_Task_: Keep to one stretch of the data below, the lines from the one with "Hampton Inn Clarion photo 26" up to and including the one with "Jeep Grand Cherokee", and return that stretch exactly.

_Records drawn from a dataset_:

* * *

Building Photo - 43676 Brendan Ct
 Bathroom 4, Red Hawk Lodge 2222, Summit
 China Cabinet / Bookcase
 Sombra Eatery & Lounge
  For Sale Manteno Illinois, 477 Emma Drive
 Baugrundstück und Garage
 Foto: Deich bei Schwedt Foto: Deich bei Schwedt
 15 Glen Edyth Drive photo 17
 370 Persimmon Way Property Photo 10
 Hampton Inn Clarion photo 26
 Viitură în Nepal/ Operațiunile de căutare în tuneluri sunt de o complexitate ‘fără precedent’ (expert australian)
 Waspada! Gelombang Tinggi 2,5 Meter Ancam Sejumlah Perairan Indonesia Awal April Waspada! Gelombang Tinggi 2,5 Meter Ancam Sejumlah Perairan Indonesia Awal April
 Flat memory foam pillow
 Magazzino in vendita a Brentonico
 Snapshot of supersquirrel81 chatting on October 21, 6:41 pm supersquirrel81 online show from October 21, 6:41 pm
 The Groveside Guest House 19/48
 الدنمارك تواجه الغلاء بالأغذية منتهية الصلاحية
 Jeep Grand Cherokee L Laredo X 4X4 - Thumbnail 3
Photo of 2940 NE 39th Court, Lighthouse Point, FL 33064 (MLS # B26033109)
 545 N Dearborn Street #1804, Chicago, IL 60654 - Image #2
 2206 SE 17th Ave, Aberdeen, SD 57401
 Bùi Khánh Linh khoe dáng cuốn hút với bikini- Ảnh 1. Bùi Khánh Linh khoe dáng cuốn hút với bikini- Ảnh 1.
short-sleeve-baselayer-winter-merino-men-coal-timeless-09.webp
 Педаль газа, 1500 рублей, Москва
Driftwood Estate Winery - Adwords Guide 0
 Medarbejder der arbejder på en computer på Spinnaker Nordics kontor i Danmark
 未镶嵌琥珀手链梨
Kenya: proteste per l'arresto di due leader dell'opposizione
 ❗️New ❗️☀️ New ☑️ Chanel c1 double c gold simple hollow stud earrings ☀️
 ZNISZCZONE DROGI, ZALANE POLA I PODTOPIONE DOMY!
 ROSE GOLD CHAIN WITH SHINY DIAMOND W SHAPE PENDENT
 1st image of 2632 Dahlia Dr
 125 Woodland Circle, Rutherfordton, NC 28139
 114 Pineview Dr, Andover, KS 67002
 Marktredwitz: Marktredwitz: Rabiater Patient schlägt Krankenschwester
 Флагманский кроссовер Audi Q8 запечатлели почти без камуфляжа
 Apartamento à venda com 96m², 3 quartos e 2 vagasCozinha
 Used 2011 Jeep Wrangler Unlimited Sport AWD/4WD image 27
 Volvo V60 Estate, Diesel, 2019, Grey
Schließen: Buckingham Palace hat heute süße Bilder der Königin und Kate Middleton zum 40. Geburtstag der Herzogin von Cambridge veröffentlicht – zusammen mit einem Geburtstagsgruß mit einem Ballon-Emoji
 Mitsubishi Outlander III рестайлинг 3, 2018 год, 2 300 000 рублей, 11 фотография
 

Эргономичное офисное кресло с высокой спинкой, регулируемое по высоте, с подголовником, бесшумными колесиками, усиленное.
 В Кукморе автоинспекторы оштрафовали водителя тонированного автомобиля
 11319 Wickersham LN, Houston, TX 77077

* * *

_The completed task_:
 Hampton Inn Clarion photo 26
 Viitură în Nepal/ Operațiunile de căutare în tuneluri sunt de o complexitate ‘fără precedent’ (expert australian)
 Waspada! Gelombang Tinggi 2,5 Meter Ancam Sejumlah Perairan Indonesia Awal April Waspada! Gelombang Tinggi 2,5 Meter Ancam Sejumlah Perairan Indonesia Awal April
 Flat memory foam pillow
 Magazzino in vendita a Brentonico
 Snapshot of supersquirrel81 chatting on October 21, 6:41 pm supersquirrel81 online show from October 21, 6:41 pm
 The Groveside Guest House 19/48
 الدنمارك تواجه الغلاء بالأغذية منتهية الصلاحية
 Jeep Grand Cherokee L Laredo X 4X4 - Thumbnail 3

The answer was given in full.